Seven miles is a long walk – probably it took them two and a half to three hours to reach Emmaus, maybe longer. But they finally arrive, and when does Jesus fully reveal himself to them? It is this marvelous phrase that Luke uses: in the breaking of the bread. He carefully repeats the words and ritual used at the Last Supper, and then they know who he is. His body, soul, humanity, divinity were made present in that breaking of the bread and he revealed himself completely, then disappeared from their sight. But their hearts were still on fire, now invigorated by the reception of that consecrated bread.

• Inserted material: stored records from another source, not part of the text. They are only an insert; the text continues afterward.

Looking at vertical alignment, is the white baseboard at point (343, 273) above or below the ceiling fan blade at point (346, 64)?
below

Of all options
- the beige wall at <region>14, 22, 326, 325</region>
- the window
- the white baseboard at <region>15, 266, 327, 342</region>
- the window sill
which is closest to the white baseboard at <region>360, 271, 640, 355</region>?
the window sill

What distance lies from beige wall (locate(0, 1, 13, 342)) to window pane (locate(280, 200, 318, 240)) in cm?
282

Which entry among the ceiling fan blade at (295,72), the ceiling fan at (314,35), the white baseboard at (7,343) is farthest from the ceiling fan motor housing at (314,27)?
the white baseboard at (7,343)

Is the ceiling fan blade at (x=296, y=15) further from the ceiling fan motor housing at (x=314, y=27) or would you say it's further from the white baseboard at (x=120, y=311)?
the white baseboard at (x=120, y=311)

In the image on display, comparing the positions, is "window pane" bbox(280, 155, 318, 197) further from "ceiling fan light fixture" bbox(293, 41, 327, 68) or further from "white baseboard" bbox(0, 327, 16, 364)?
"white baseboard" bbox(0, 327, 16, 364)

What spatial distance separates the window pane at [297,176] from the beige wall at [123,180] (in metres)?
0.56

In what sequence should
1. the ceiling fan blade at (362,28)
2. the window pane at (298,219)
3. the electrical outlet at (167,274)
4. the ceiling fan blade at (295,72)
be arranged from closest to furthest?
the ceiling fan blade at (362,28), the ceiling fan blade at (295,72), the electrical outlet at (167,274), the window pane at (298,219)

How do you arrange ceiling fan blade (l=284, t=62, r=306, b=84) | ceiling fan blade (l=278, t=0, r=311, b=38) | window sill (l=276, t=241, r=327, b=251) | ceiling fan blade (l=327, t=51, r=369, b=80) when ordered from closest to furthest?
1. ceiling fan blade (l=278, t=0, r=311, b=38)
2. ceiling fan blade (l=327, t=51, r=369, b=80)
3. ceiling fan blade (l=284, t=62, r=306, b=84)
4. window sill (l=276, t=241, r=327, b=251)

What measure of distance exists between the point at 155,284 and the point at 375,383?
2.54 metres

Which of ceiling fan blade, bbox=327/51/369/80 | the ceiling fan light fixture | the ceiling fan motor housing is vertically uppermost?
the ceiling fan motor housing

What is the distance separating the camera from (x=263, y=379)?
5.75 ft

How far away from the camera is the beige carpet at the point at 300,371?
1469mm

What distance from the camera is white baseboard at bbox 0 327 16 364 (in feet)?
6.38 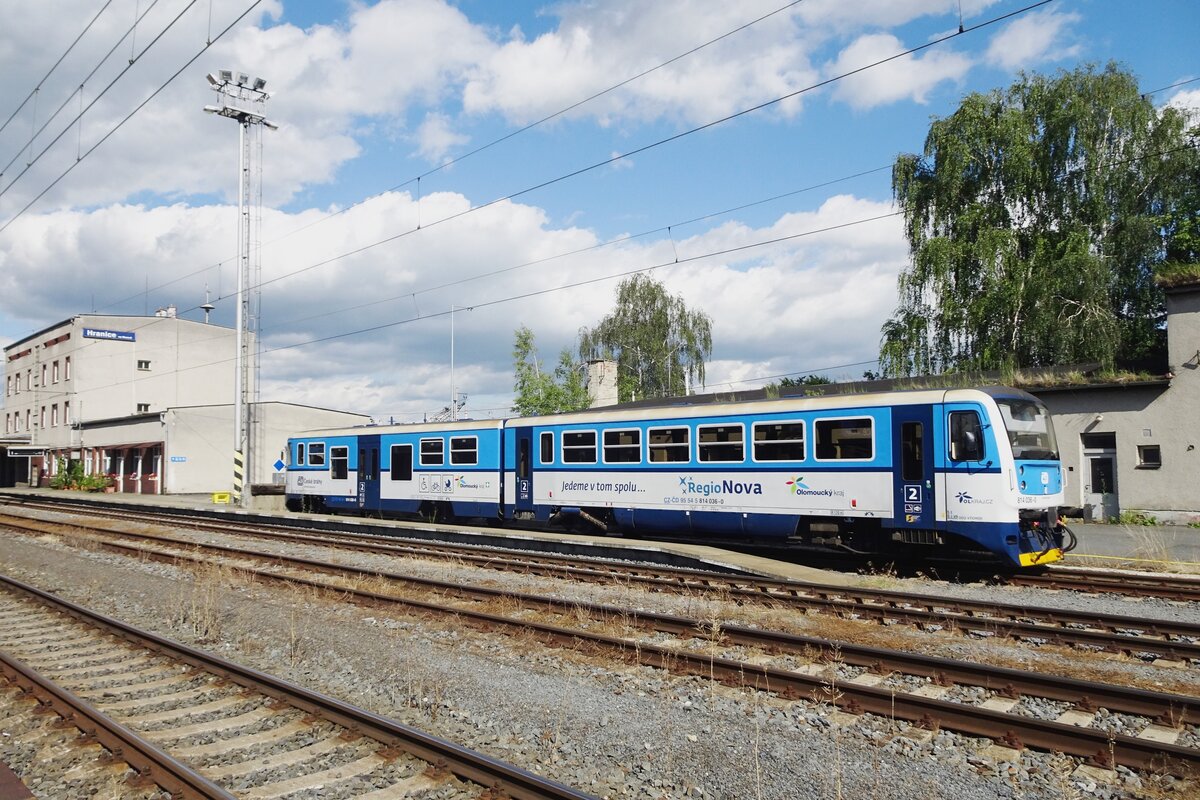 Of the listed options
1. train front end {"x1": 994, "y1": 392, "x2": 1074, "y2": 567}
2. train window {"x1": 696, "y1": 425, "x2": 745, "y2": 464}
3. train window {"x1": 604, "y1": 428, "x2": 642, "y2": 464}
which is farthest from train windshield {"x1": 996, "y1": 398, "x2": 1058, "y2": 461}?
train window {"x1": 604, "y1": 428, "x2": 642, "y2": 464}

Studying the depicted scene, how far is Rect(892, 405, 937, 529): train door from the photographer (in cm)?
1311

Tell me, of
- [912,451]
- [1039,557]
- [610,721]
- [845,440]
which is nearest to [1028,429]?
[912,451]

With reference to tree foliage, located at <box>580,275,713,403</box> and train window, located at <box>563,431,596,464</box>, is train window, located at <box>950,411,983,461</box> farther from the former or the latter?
tree foliage, located at <box>580,275,713,403</box>

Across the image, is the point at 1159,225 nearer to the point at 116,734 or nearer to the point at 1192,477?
the point at 1192,477

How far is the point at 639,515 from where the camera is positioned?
1731 cm

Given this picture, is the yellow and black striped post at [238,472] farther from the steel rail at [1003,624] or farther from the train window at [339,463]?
the steel rail at [1003,624]

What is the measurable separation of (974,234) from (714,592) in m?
25.5

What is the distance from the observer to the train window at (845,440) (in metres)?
13.8

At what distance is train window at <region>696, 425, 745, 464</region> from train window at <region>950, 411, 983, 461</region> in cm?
378

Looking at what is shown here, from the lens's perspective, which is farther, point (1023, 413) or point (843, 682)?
point (1023, 413)

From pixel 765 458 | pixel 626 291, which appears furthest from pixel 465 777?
pixel 626 291

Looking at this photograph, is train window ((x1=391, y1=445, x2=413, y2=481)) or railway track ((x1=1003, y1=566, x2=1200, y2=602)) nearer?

The holy Eucharist is made for us, given for us, presented for us, so that our hearts will be on fire. The liturgy prepares us for what is coming, just as Jesus prepared the two disciples with patient instruction. The early Church always saw this moment as a confirmation of the Eucharist, and rejoiced in the gracious love of the Lord for us. This is how the Lord stays with us – we don’t need his physical presence anymore. He rooted the disciples in scripture, he rooted them in love and service, but above all he rooted thm in the breaking of the bread and the awareness that he was with them always.

Let us ask him today, on this day of Emmaus, for the gift of recognizing him in this holy Eucharist. Let us rejoice in the gift of the Most Blessed Sacrament reserved in our churches. Let us above all live with fire in our hearts, fed by this Eucharist and nurtured in the bible and the teachings of the Catholic Church founded by our Lord on the rock of Peter, and be a people rooted in the power of the Risen Christ.